A reviewer of a previous version of this manuscript has noted that it would potentially be of considerable interest to have the capability to record MEG neural activity at a sampling rate comparable to that used in acoustic analyses of speech, i.e., 16 kHz or greater, allowing researchers to probe MEG data for brain activities associated with high frequency acoustic features such as fricatives, in addition to the lower frequency speech movement signals addressed in the present study. This is likely to be possible in the future with ongoing advances in digital storage and processing capacities, but maximal sampling rates of current commercial MEG systems are typically in the range of circa 4 kHz. For the purposes of the present study the acoustic data serve as markers of where events have occurred and the 4 kHz sampling rate is sufficient for lower frequency features such as formants. The time-aligned high sample rate audio signal is used where a more detailed inspection of the acoustic signals is required (e.g., to assess speech errors).

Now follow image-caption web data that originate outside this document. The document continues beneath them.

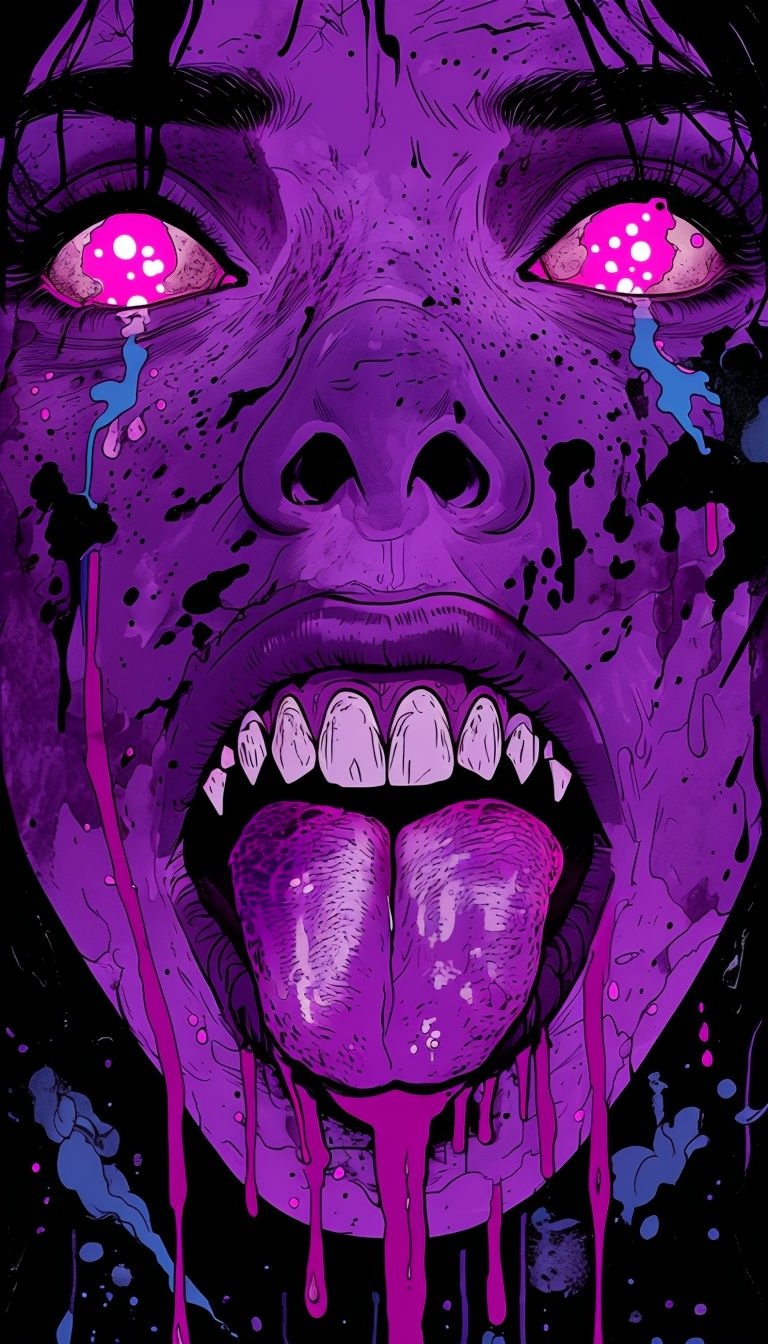 Distressed Human Face with Neon Eyes Abstract Artwork Mobile Wallpaper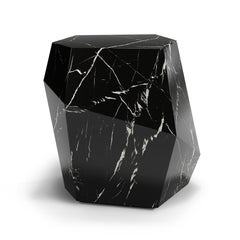 Organic geometric Nero Marquina marble Three Rocks side table by InsidherLand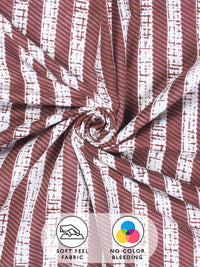Story@home Arena Maroon & White Striped Microfiber 180 TC Queen Bedsheet & 2 Pillow Covers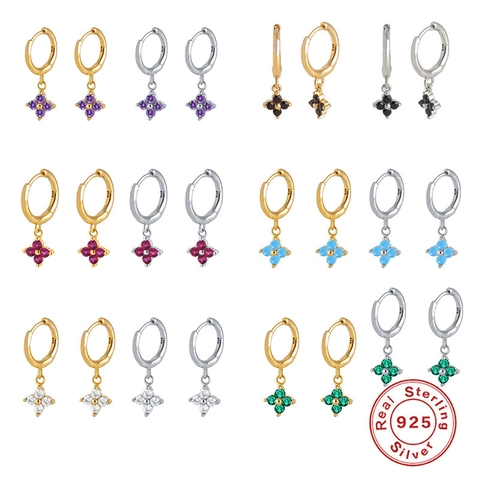 925 Sterling Silver Hoop Earrings With Four Petal Flower Pendant Colorful Zircon Fashion Dainty Jewelry For Women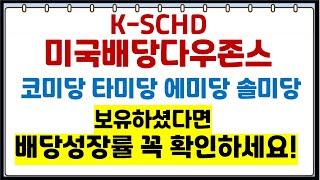 월배당ET  K-SCHD 미국배당다우존스 배당성장률 꼭 확인하세요 / 수수료비교 코미당 타미당 에미당 솔미당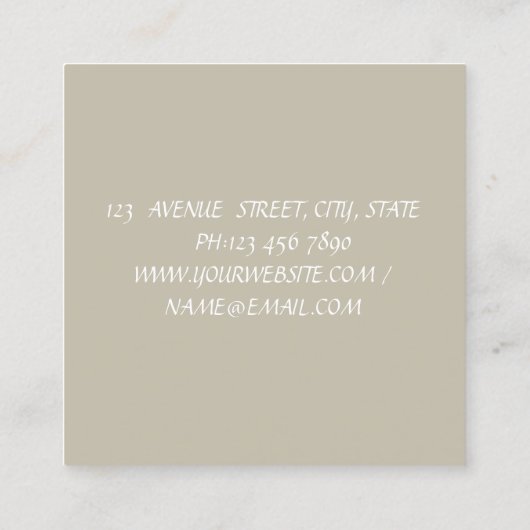 Waterverf Olive Branch, Handmade Vierkante Visitekaartje (Achterkant)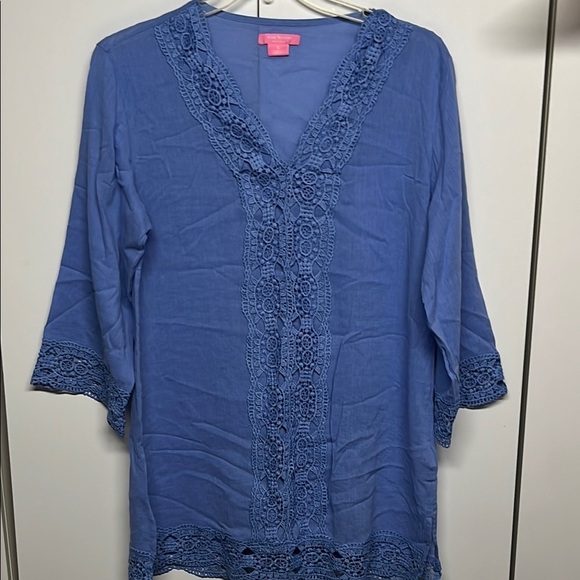 Isaac Mizrahi Blue Tunic Cover Up - Picture 1 of 7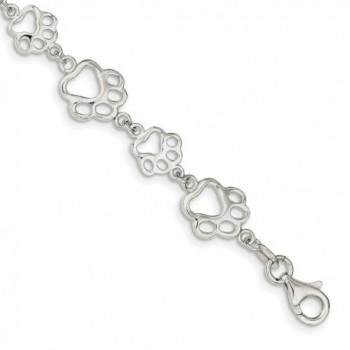 Sterling Silver 7.5in Polished Paw Print Bracelet - CI11FRTBITX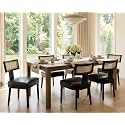 RIVOVA Rattan Dining Chairs Set of 6, Mid-Century Modern Dining Chairs, Kitchen Dining Room Chairs, Curved Cane Back Upholstered PU Leather Dining Chair with Black Wood Frame, Black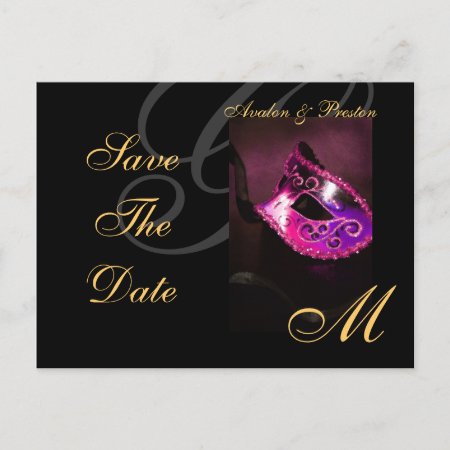 Pink Floral Masquerde Save The Date Postcard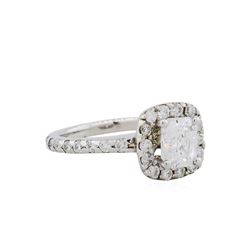 14KT White Gold 1.69ctw Cushion Cut Diamond Engagement Ring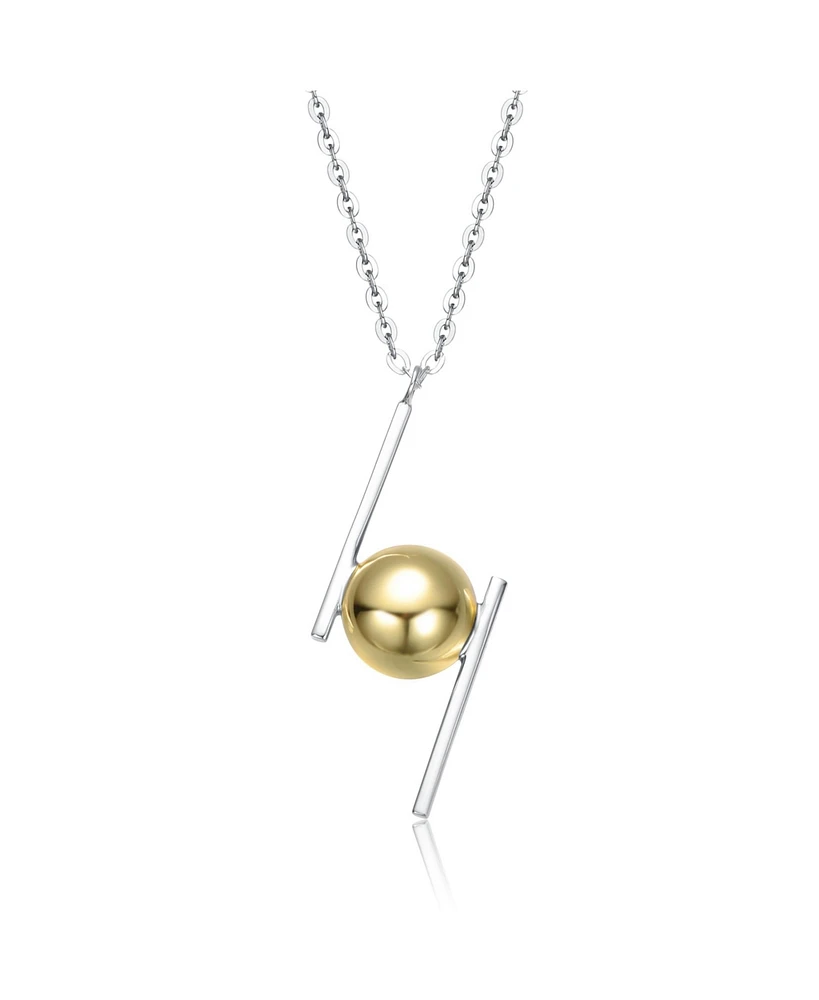 Sterling Silver Two-Tone with 14K Gold Plated Sphere and White Gold Plated Asymmetrical Bar Design Necklace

Implications for Developmental and Clinical Studies

The problem of how humans develop speech is a central, unanswered question of neurolinguistics. The topic has been and remains conspicuously under-studied (58). Studies of this type will inform and constrain theoretical models of language and will have practical implications for significant global medical and health issues. Speech and language problems are the most common and frequent developmental concerns of parents and of speech-language pathologists, general practitioners and pediatricians. These include developmental speech disorders such as stuttering and childhood apraxia of speech; and also, the now well-replicated finding of a greater incidence of comorbid motor coordination and planning problems in children with language impairments (59).

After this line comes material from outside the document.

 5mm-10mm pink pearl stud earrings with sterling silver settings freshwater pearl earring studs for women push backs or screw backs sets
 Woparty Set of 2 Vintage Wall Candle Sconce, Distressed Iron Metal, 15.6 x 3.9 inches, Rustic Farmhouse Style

The neural control of speech is also highly relevant to acquired apraxias, and to the burgeoning fields of speech prosthetics and brain computer interfaces (60). It bears on the study of hearing loss, which has profound effects on speech production, and hearing technology including hearing aids and cochlear implants. A greater understanding of the neurophysiology of speech motor control is essential for grappling with the problem that medical interventions can have different effects on speech and non-speech motor control systems: this has been reported for treatments as diverse as levodopa therapy, pallidotomy, fetal, dopamine transplants, and pallidal or thalamic stimulation (61).

Conclusions

The present results demonstrate that the MASK technique can be used to reliably characterize movement profiles and kinematic parameters that reflect development of speech motor control, while simultaneously measuring the brain activities that provide this control. MASK brings articulography into the brain itself and thereby bridges a crucial methodological gap between the fields of speech science and cognitive neuroscience. The importance of this gap has recently been emphasized by invasive ECoG studies which have demonstrated that speech motor cortex operates by encoding and computing speech kinematic parameters that can be derived only with detailed measurements of the movements of individual articulators, including non-line-of-sight measurements of the oral cavity. This new capability sets the stage for innovative cross-disciplinary efforts to understand the neuromotor control of human speech production.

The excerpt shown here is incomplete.